(Beginning of DATA SEGMENT)

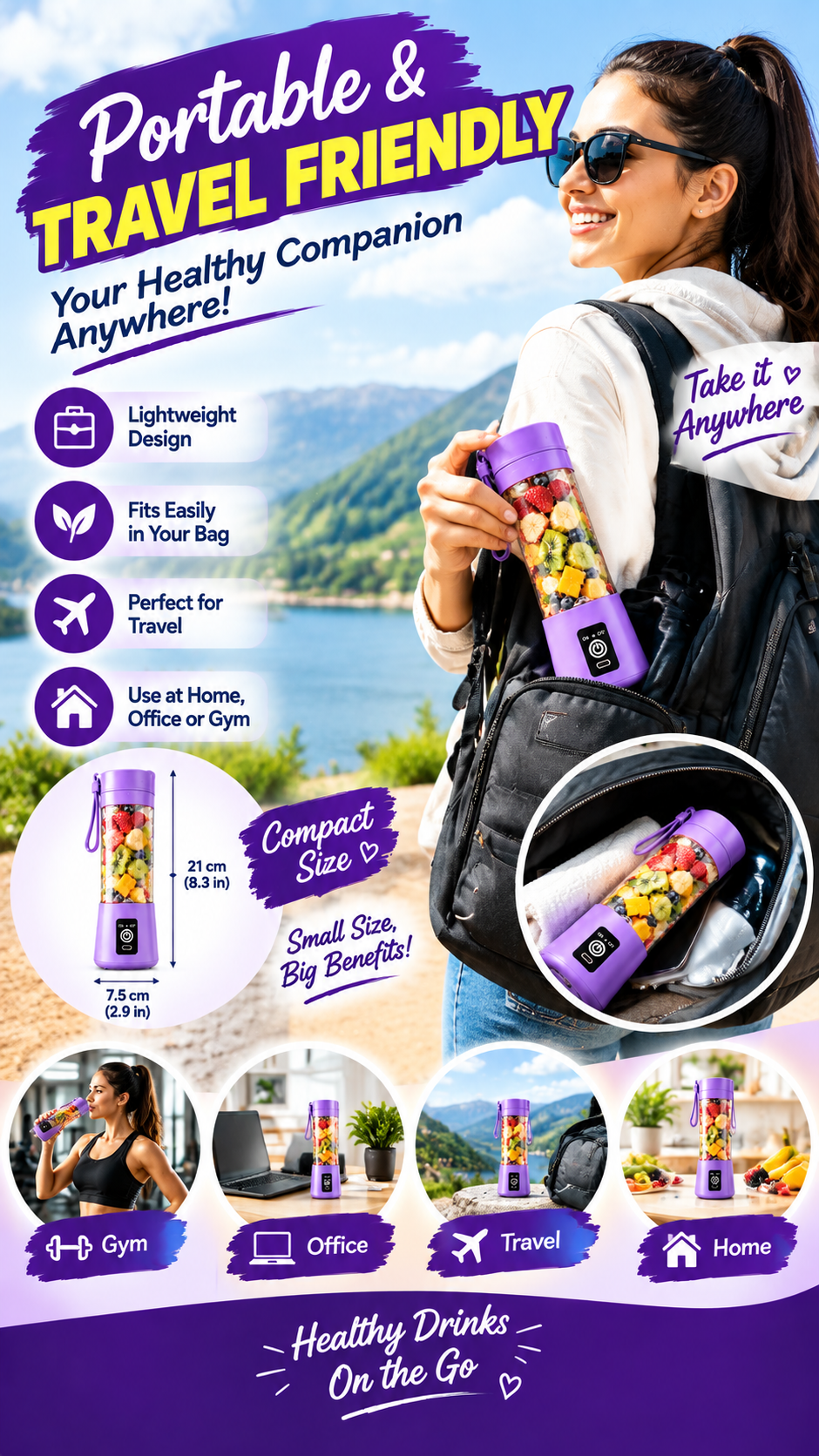 Portable USB Rechargeable Blender | 6-Blade Smoothie & Juice Maker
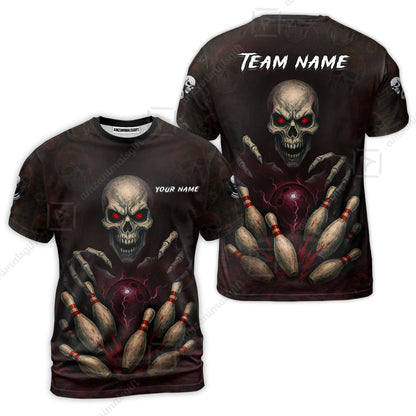 Custom Colorful Skull Bowling Team Jerseys Polo Shirts, Bowling uniforms, Multicolor Skull Bowling Personalized Name And Team Name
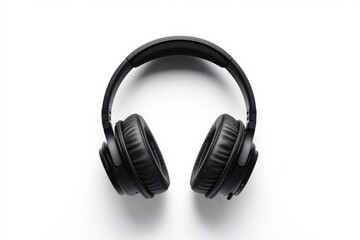 Black headphones studio shot, white background, music audio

(End of DATA SEGMENT)

The result should be a word-for-word restatement of all the data, without images.

 Portable USB Rechargeable Blender | 6-Blade Smoothie & Juice Maker
 Custom Colorful Skull Bowling Team Jerseys Polo Shirts, Bowling uniforms, Multicolor Skull Bowling Personalized Name And Team Name
 Black headphones studio shot, white background, music audio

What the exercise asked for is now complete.